Christians ridiculed in modern Britain, says Michael Gove

Christians are ‘openly derided’ and ‘coolly dismissed’, but their beliefs and work to help others are hugely valuable, Michael Gove has said.

The former Education Secretary said while British culture belittles Christianity on a daily basis, churchgoers’ demonstration of their love for Jesus through service to others is of incalculable importance.

Last month an equality watchdog found evidence of widespread discrimination against Christians.

Flawed and fallible

Writing in the Spectator magazine, Gove said: “Relativism is the orthodoxy of our age” so “to call yourself a Christian in contemporary Britain is to invite pity, condescension or cool dismissal”.

“But genuine Christian faith — far from making any individual more invincibly convinced of their own righteousness — makes us realise just how flawed and fallible we all are”, he wrote.

Gove added: “I am selfish, lazy, greedy, hypocritical, confused, self-deceiving, impatient and weak. And that’s just on a good day.

“As the Book of Common Prayer puts it, ‘We have followed too much the devices and desires of our own hearts…And there is no health in us.'”

Ulterior motive

Gove said Christian charity is “seen by many as somehow suspect” because churchgoers’ faith is perceived as an “ulterior motive sullying their actions”.

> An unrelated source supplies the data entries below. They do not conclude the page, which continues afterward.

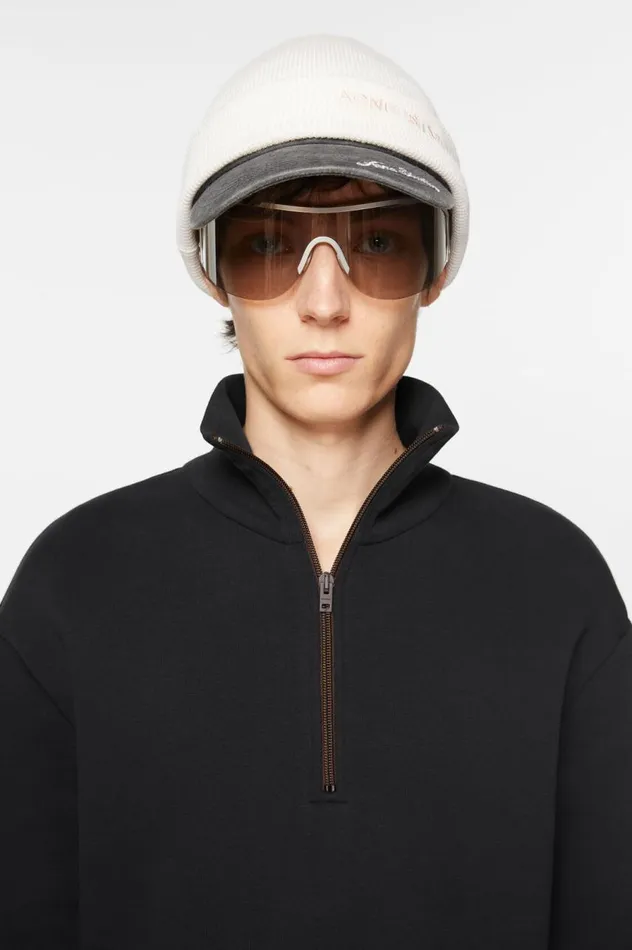 Acne Studios Zippered Sweater Black Women Sweatshirts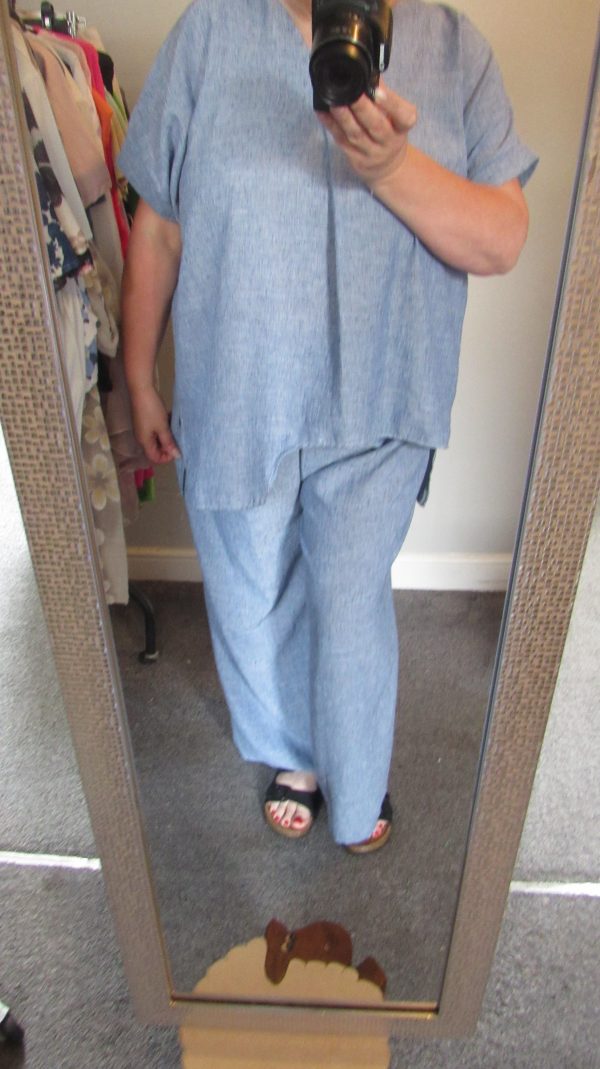 New Ladies Denim Blue Plus Size 2 Piece Set One Size fits sizes 18 20 22 - Image 6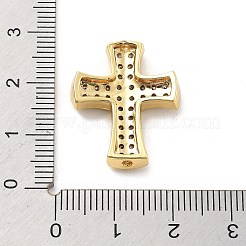 Латунные микропаве прозрачные подвески с фианитом KK-L228-44C-G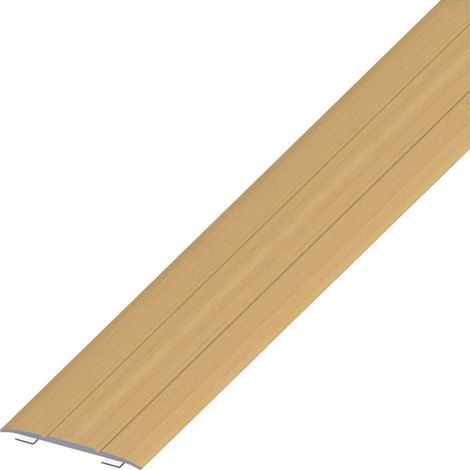 alfer Übergangsprofil 0.9 m, 37 x 2.5 mm Alu beschichtet sublimiert buche Übergangsprofil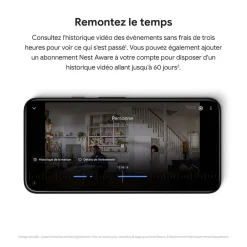 Caméra de surveillance Google Nest Cam (Intérieur - Filaire) - Blanc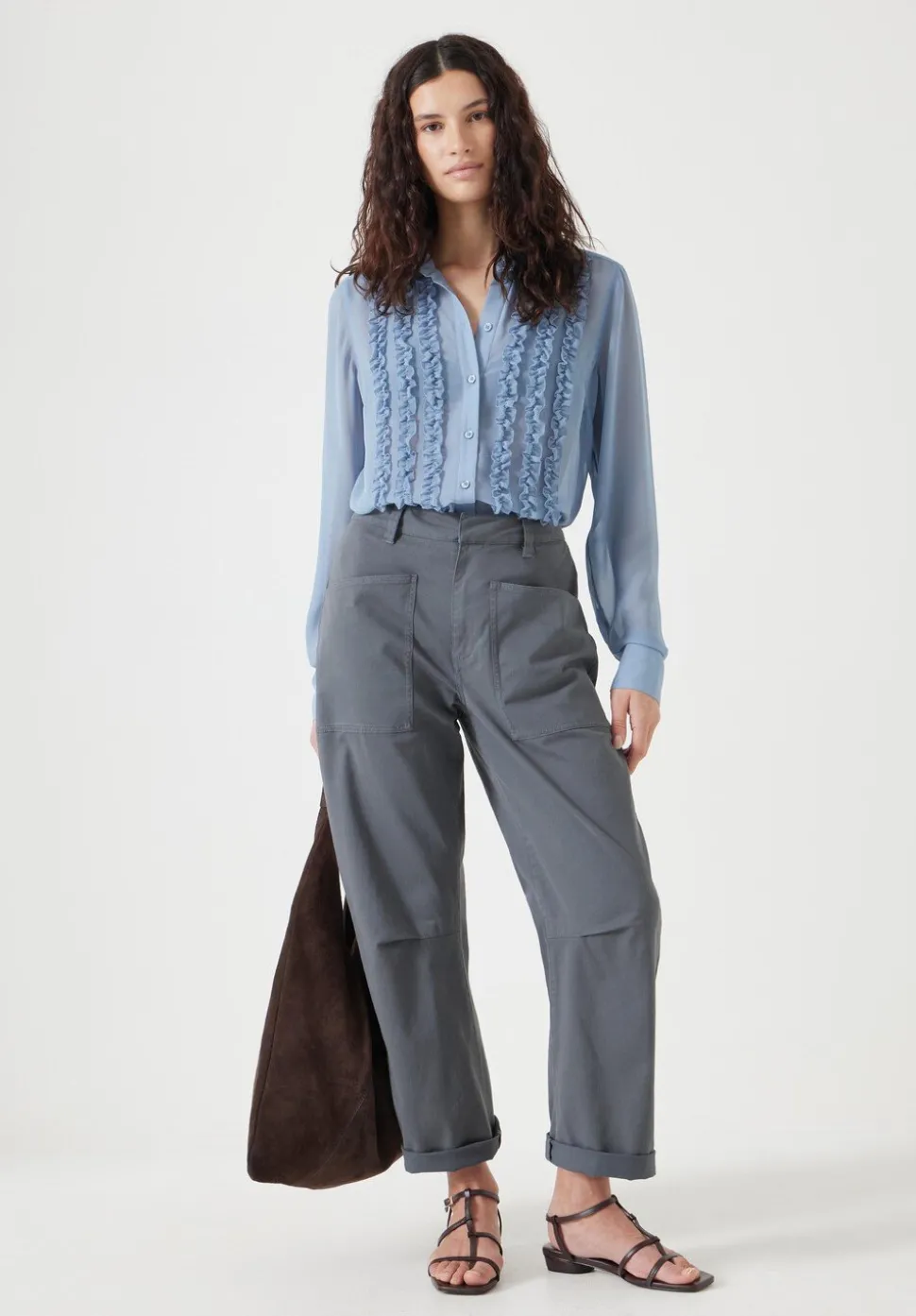 Chiffon Ruffle Blouse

“The suspicion was that Christians helped others because they wanted to look good in the eyes of their deity and earn the religious equivalent of Clubcard points securing entry to Heaven”, he commented.

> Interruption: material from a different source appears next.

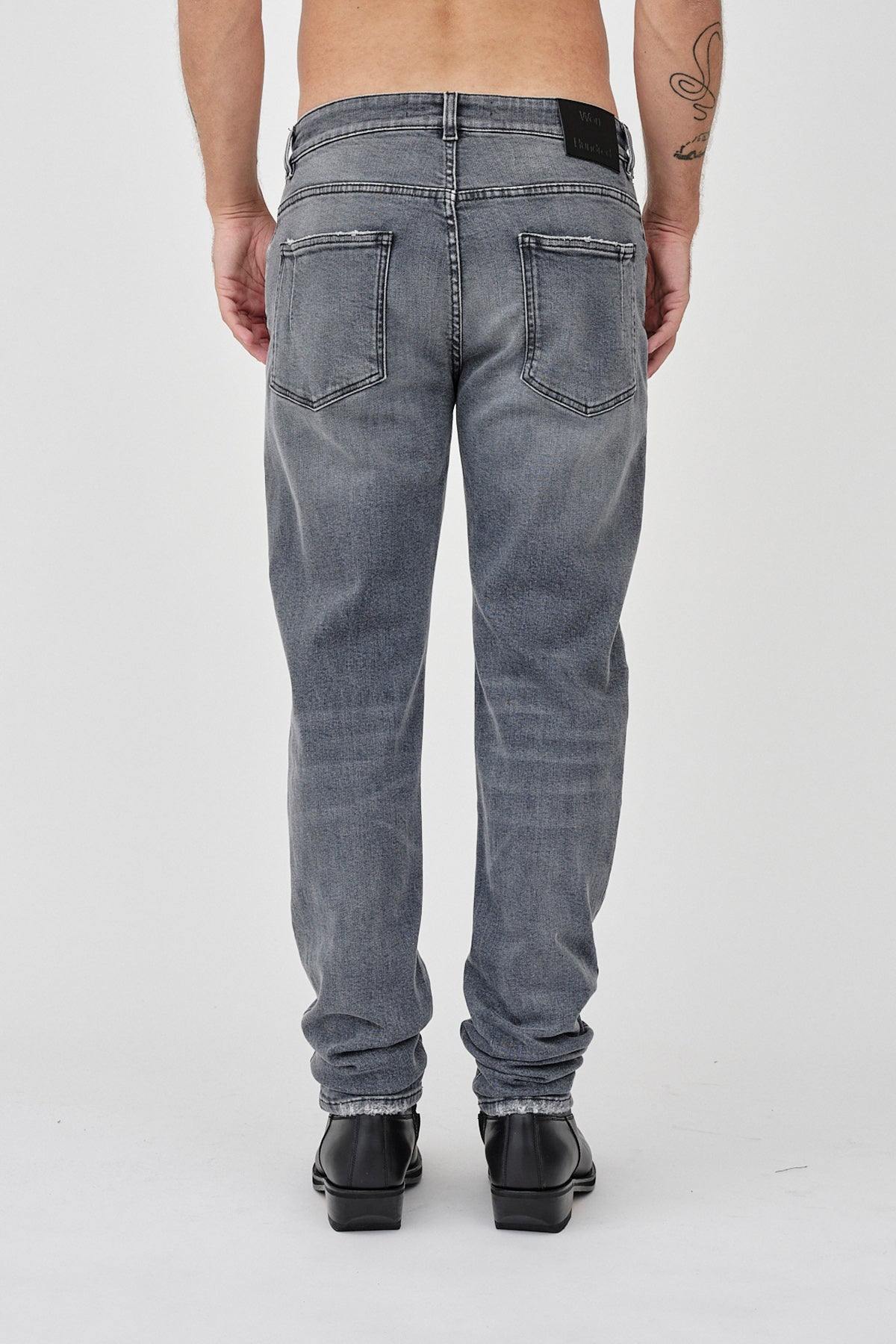 Won Hundred Men Dean Strong Grey 5-Pockets Strong Grey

He referred to “thousands of quiet kindnesses” in caring for the homeless, alcoholics, married couples and children, and said Christianity helps people “feel a sense of empathy rather than superiority”.

Dignity

He continued: “In pre-Christian times, moral reasoning and full human potential were assumed to be restricted to an elite.

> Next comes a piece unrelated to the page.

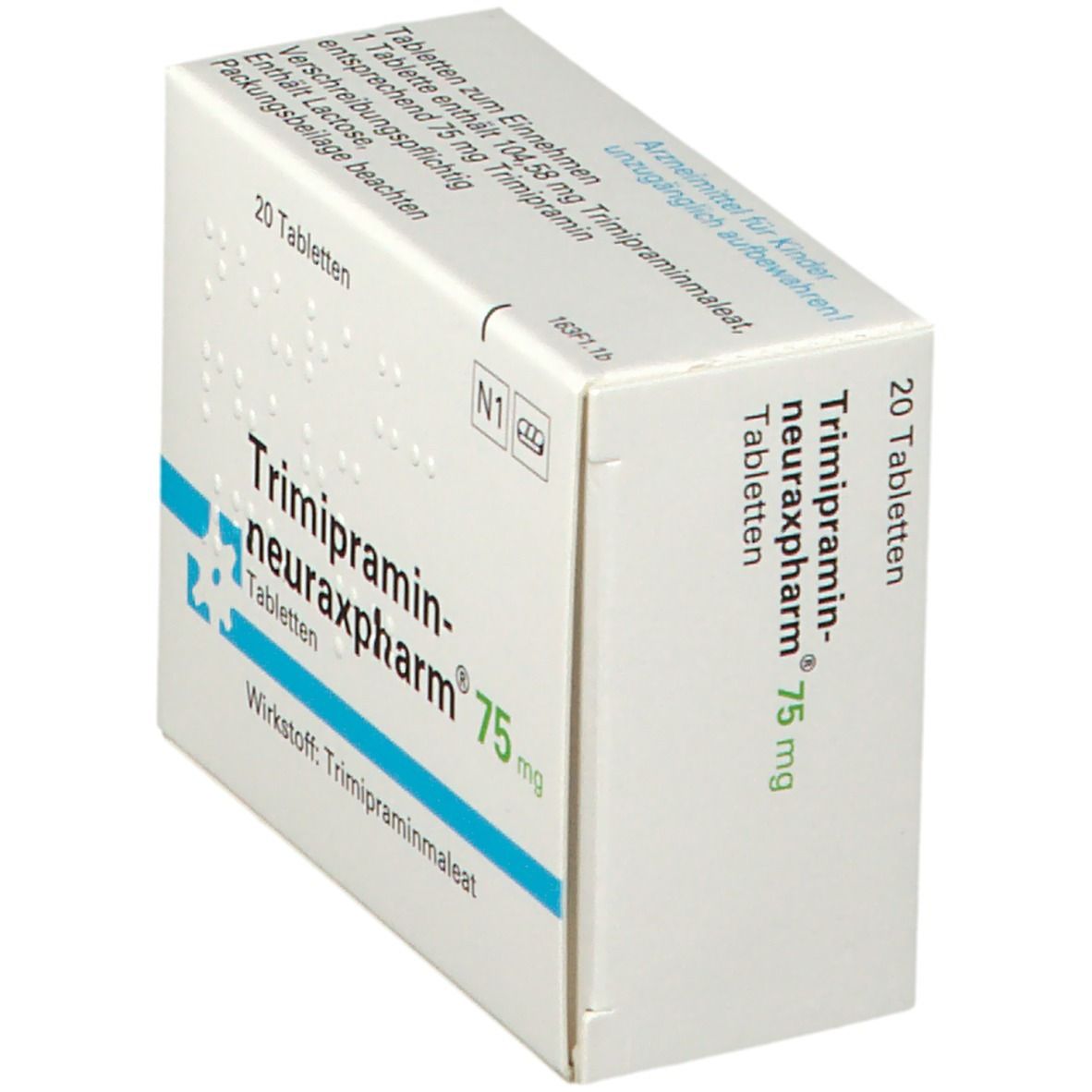 TRIMIPRAMIN-neuraxpharm 75 mg Tabletten 20 St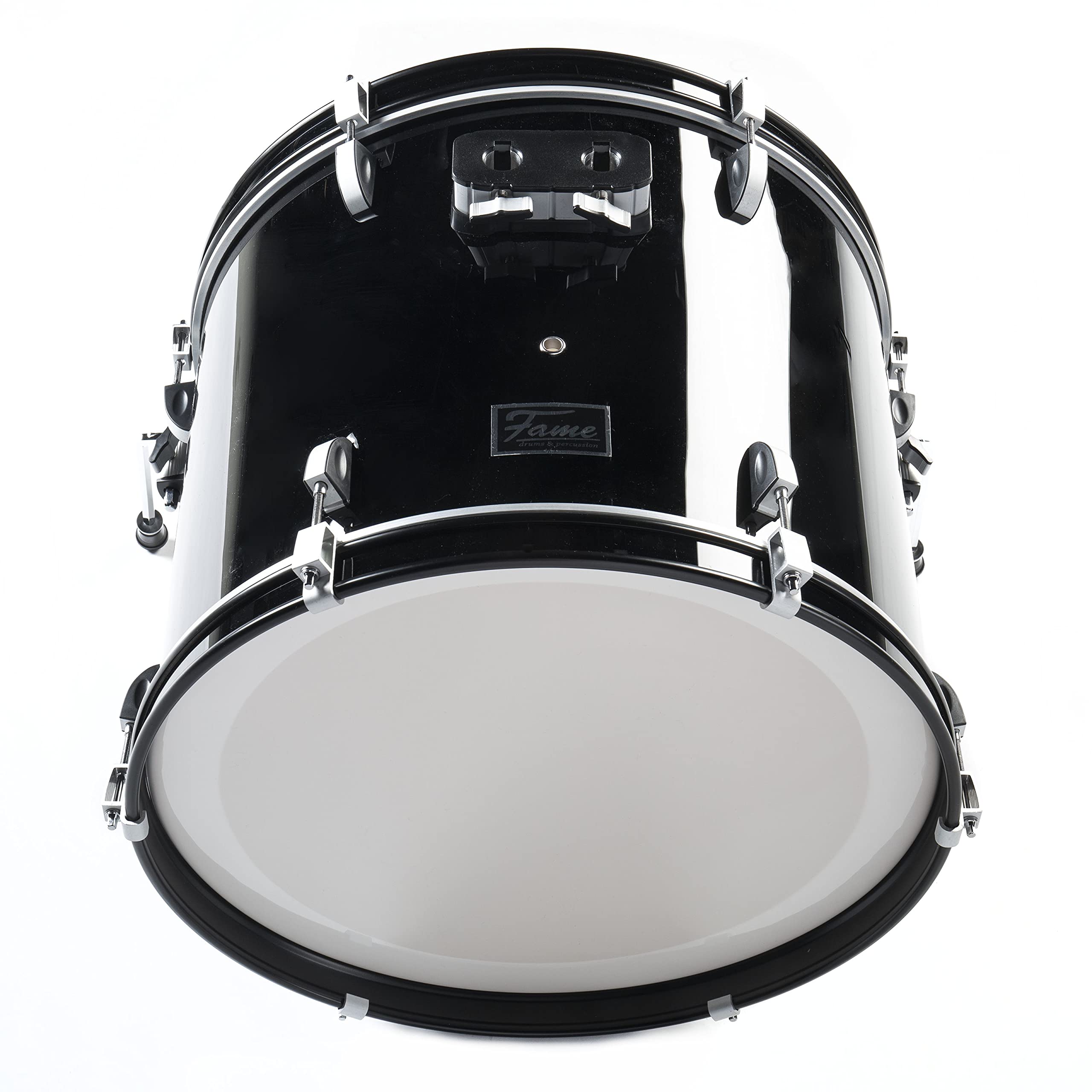 Fame First Step Bass Drum 20"x16" Piano Black - Batteria basso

“Greek city states depended on a population of helots, the Roman Empire on the subjugation of slaves and barbarians, to sustain their rule. Their achievements were built on a foundation of radical inequality.

“Christianity, by contrast, like Judaism before it, gives every individual the dignity of a soul, the capacity to reason, the right to be heard and equality before the law.

“Because every individual is — in the image of God — capable of moral judgment, reflection and responsibility.”

Marginalised

Last month, following its largest ever consultation, the Equality and Human Rights Commission reported examples of Christians being marginalised.

It revealed churchgoers saying they have been mocked for their beliefs at work, passed over for promotion and under pressure to keep their faith quiet at work.